§ Recorded data
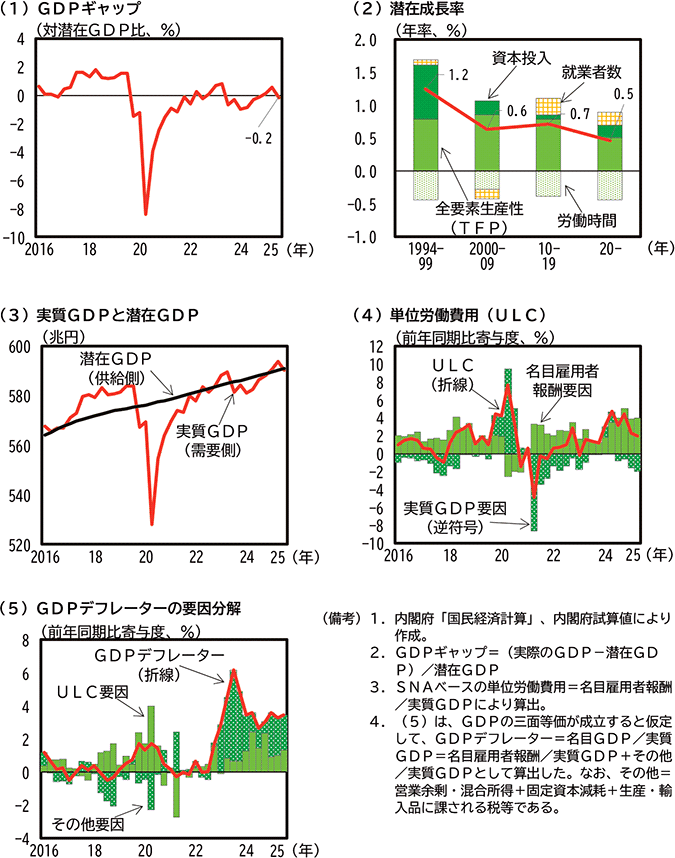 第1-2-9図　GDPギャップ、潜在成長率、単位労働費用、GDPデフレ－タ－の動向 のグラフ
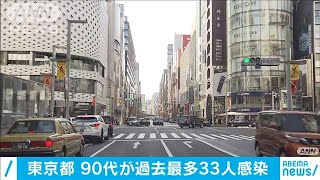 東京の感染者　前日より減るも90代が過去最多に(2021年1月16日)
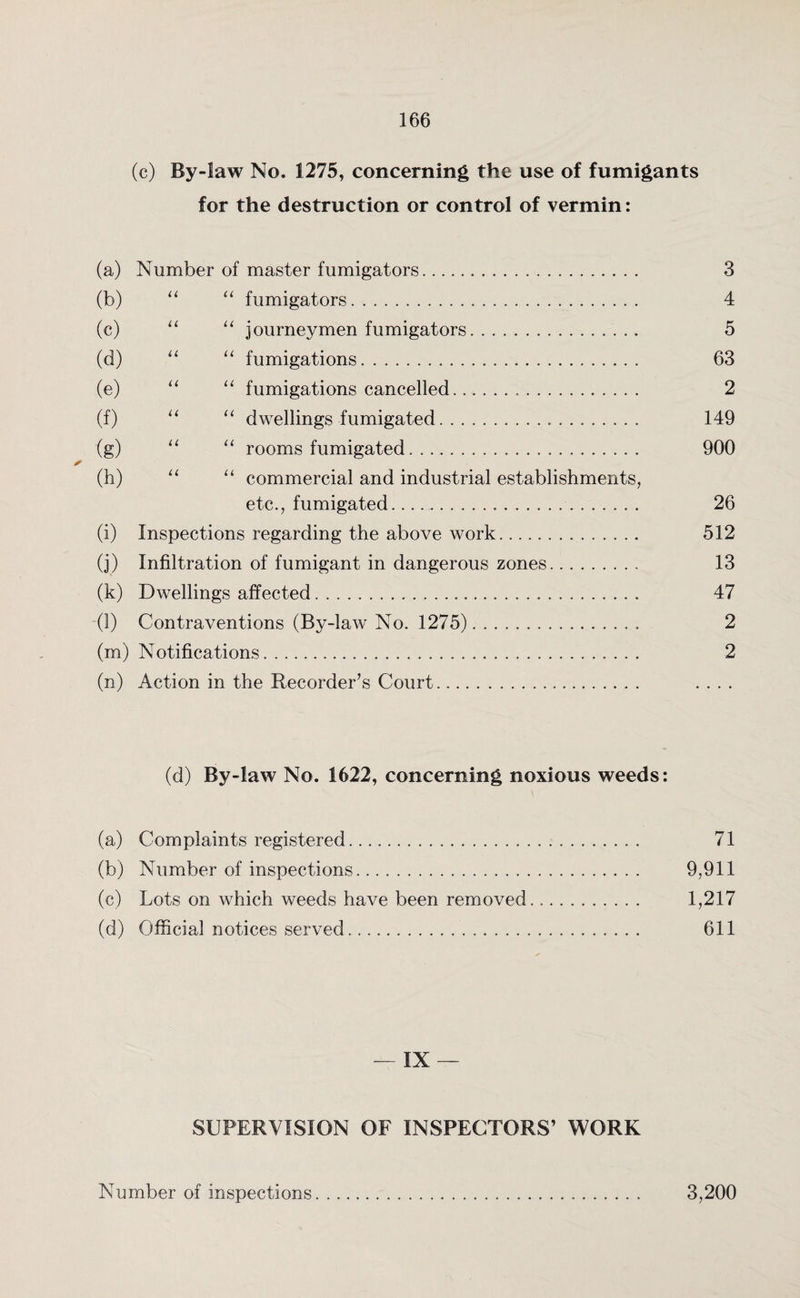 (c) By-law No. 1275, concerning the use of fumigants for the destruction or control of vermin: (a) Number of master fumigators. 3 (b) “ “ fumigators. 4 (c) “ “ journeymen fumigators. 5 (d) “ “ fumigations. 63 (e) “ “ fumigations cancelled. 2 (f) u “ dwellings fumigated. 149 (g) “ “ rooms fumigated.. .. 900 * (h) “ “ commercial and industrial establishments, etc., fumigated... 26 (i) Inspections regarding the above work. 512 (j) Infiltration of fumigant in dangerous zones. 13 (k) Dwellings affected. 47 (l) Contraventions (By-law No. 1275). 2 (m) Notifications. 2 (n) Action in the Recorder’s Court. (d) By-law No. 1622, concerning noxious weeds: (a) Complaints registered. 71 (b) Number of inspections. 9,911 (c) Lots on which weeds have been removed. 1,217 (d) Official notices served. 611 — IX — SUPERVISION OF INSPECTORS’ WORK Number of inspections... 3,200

§ What the task asks
Here the job is to output the lines from the top of the listing through the line holding "東京の感染者　前日より減るも90代が過去最多に(2021年1月16日)", word for word and without pictures.

§ Answer to the exercise
 第1-2-9図　GDPギャップ、潜在成長率、単位労働費用、GDPデフレ－タ－の動向 のグラフ
 東京の感染者　前日より減るも90代が過去最多に(2021年1月16日)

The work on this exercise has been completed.